#### ACTIVITY
Only one span is wanted from the lines below: from the one with "461 N Clinton" up to and including the one with "Umat islam melaksanakan". Copy it exactly, without images.

#### RECORDS TO PROCESS
:::::

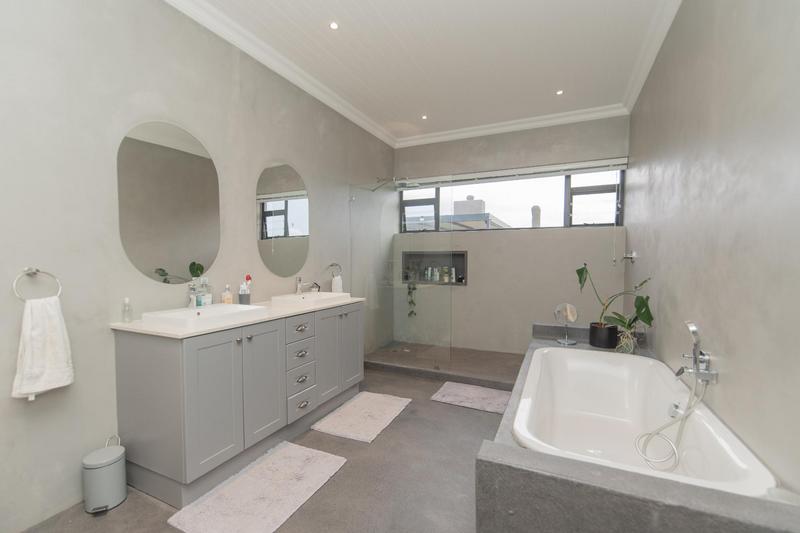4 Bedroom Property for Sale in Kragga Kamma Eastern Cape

:::::

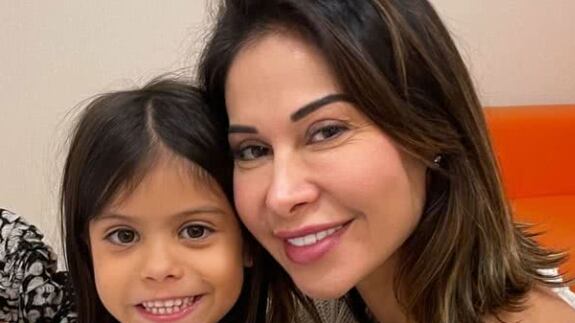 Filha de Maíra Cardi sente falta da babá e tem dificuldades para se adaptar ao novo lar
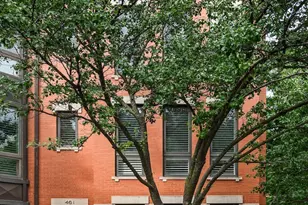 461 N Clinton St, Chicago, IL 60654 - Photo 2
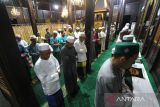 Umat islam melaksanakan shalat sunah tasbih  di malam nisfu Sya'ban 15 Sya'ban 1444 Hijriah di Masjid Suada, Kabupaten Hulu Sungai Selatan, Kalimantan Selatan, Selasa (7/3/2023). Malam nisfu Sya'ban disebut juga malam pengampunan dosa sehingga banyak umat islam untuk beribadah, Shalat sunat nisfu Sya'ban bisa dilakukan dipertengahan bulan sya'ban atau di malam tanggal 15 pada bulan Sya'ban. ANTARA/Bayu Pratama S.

:::::

#### SOLVED EXERCISE
 461 N Clinton St, Chicago, IL 60654 - Photo 2
 Umat islam melaksanakan shalat sunah tasbih  di malam nisfu Sya'ban 15 Sya'ban 1444 Hijriah di Masjid Suada, Kabupaten Hulu Sungai Selatan, Kalimantan Selatan, Selasa (7/3/2023). Malam nisfu Sya'ban disebut juga malam pengampunan dosa sehingga banyak umat islam untuk beribadah, Shalat sunat nisfu Sya'ban bisa dilakukan dipertengahan bulan sya'ban atau di malam tanggal 15 pada bulan Sya'ban. ANTARA/Bayu Pratama S.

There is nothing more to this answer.